To allow multiple users to share one carrier frequency, many handheld transceivers employ Continuous Tone Coded Squelch System (CTCSS) encoders and decoders. CTCSS systems add a tone at the low end of what the human ear can hear to a transmitted signal. On the receiving end, a CTCSS decoder allows you to choose which signals are heard in your radio's speaker after the tone is removed. Many signals may appear on the same frequency, but you'll only hear the one that is encoded with a pre-selected tone. All other signals are suppressed or squelched. With this approach, multiple short-range radios can coexist on the same carrier frequency in the same area without users having to listen to everyone else's conversations.

Motorola developed the original tone-control system, called "Private Line" or PL for short. To this day, the tone frequencies established by Private Line remain the CTCSS standards (Table 1).

CTCSS also works with longer range radios, making it possible for different groups to use the same frequencies without bothering each other. This application is seen most often in repeater networks. Additionally, CTCSS systems can act as electronic gate keepers, enabling system operators to restrict access to remote repeaters.

This article demonstrates how to implement a CTCSS carrier generator using a 256-B sine-wave lookup table (LUT). The basic routine for generating the sine wave is not application specific. It can be used to generate other waveforms and frequencies as well. The example project is based on Cypress MicroSystems' PSoC mixed-signal array, which includes an 8-b microcontroller. The CTCSS application does not use all of the PSoC's configurable mixed-signal array. In addition, it can be combined with other functions to implement a more complex design.

Before delving into the implementation, however, it's important to understand the different aspects of CTCSS. An example is its carrier frequencies. CTCSS uses 38 different frequencies between 67.0 and 250.3 Hz as the selection tones. Table 1 shows the frequency associated with each of those tones. Some radios use additional "non-standard" frequencies for CTCSS functionality. Here, the application focuses on the standard CTCSS frequencies.

Frequency generation also must be considered. In this project, the CTCSS frequencies are generated by transferring data from a 256-entry, 8-b LUT into a DAC6 User Module (a 6-b DAC) at a fixed rate. A User Module is a pre-configured and characterized set of PSoC resources and application-programming-interface (API) functions. It creates a virtual peripheral, which a designer can use to customize the PSoC's configuration. The DAC is updated at a constant rate in an Interrupt Service Routine (ISR), which is controlled by a Timer8 User Module (an 8-b timer). To adjust the frequency of the CTCSS tone, just vary the step size through the LUT.
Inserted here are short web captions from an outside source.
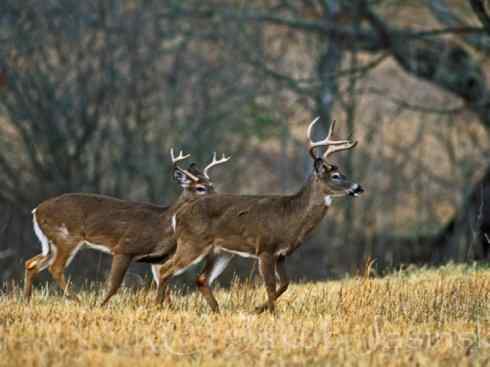 麒麟：传说的兽原型探秘（白尾鹿）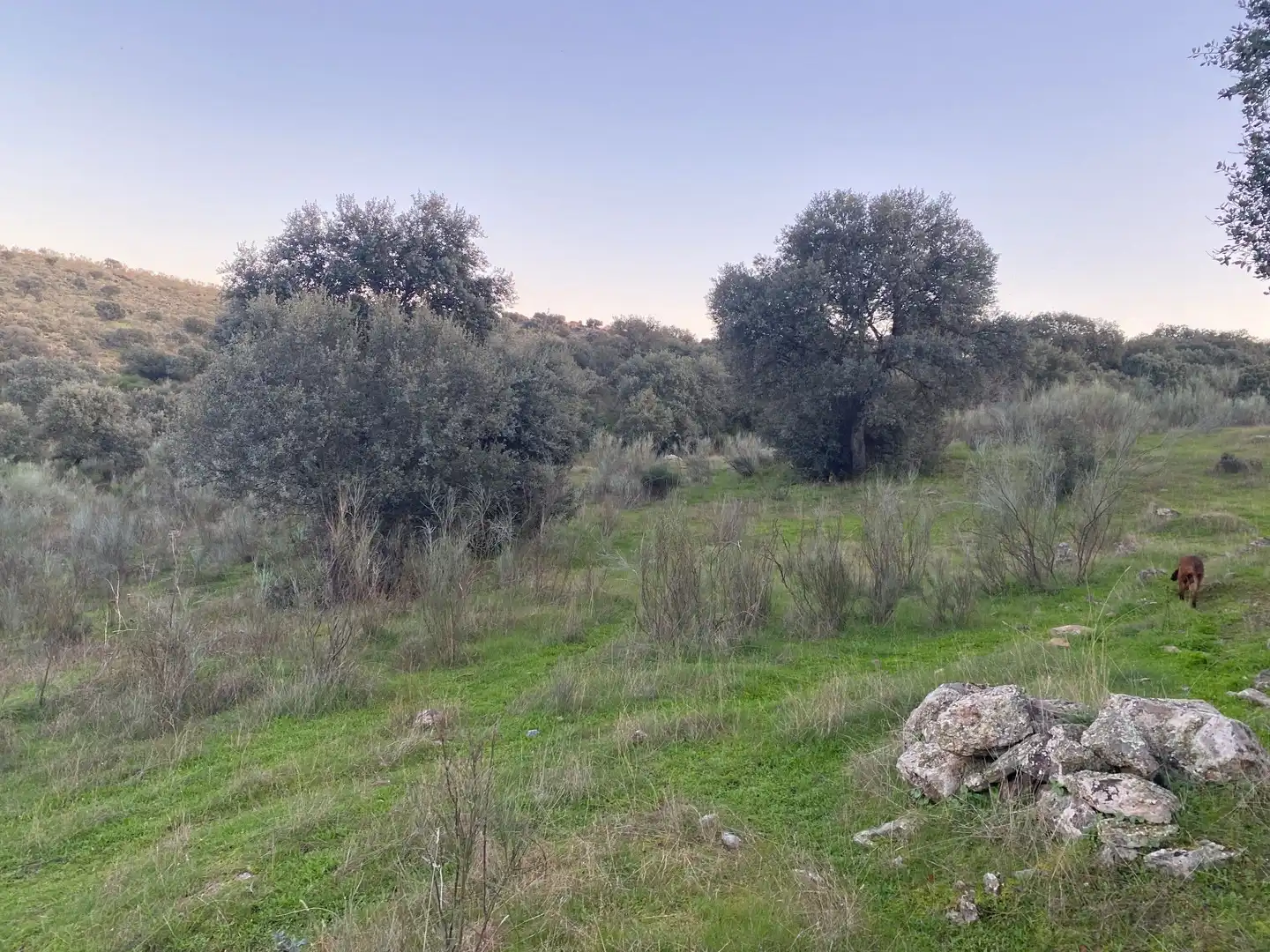 Terreni e lotti in vendita a Villar del Pedroso, imagen 37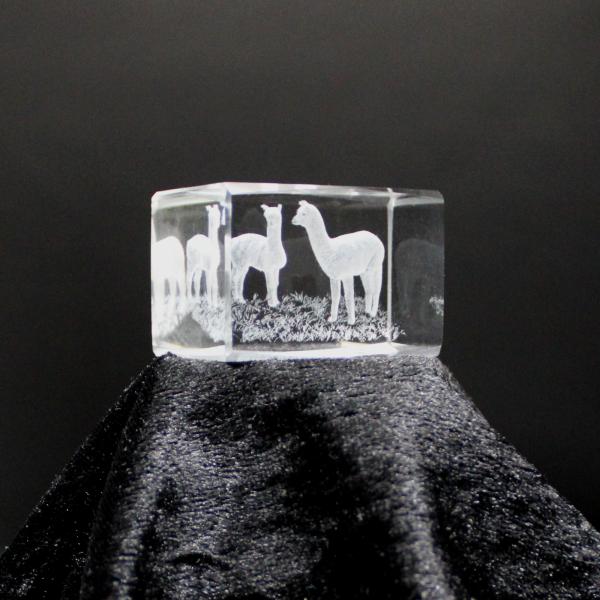 3D-Glas-Cube-2 Alpakas, versch. Größen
The 256-B LUT contains data that represents one cycle of a sine wave. This data is stored in sign and magnitude format. Sign and magnitude is the native format of the DAC data register. It allows the write to the DAC to be done more efficiently than with other formats.

In this example project, the Timer8 is set to approximately 10 kHz. The frequency of the CTCSS waveform is determined by the step size of an index through the LUT. For example, with a 10-kHz update rate and a step size of 1, the resulting sine wave would have a frequency of about 39 Hz (10,000/256). If a step size of 2 were used, the resulting sine wave would have about 78 Hz—twice the frequency.

The 256-B LUT is stored in ROM. It is accessed using the MCU's INDEX instruction. That instruction uses a base address, which is hardcoded as the instruction's operand. It also utilizes an index that is the value in the Accumulator at the start of the command. When the INDEX instruction is executed, the table entry that's pointed to by the sum of the base address and the index is loaded into the Accumulator.

The LUT's 8-b index comes from the upper byte of a 16-b index (iCTCSSFreqIndex). That upper byte can be thought of as the integer portion of the index. Think of the lower byte as the index's fractional portion.

To step through the LUT, a 16-b index increment (iCTCSSFreqInc) is added to the 16-b accumulated index. That index increment also has integer and fractional portions. As a result, non-integer increments can be used to step through the LUT. This approach creates a more accurate frequency compared to what can be achieved with an integer increment.

In the previous example, where a step size of 2 resulted in an output frequency of 78 Hz from a 10-kHz update rate, the index increment would be 0x0200. To get an output frequency of 67 Hz (CTCSS tone 1), a step size of 1.72 is needed. The index increment in this case would be 0x01b5 (1 + 184/256).

Frequency selection also is a vital aspect of CTCSS. In this project, a function is provided that sets the index increment value for the desired frequency. This function, SetCTCSSFreq(), is passed a 1-B argument that is the CTCSS tone number. That tone number is manipulated (subtract 1 and multiply by 2) to convert it into an index for a 38-entry, 16-b LUT. The LUT contains index increment values.

Phase coherence may sometimes become an issue for waveform generation. In this application, when the output frequency is changed, the accumulated index variable is not cleared. This approach has a beneficial side effect. The sine wave then exhibits no discontinuity when the frequency changes. Although this isn't critical for CTCSS generation, it may be required in other waveform applications.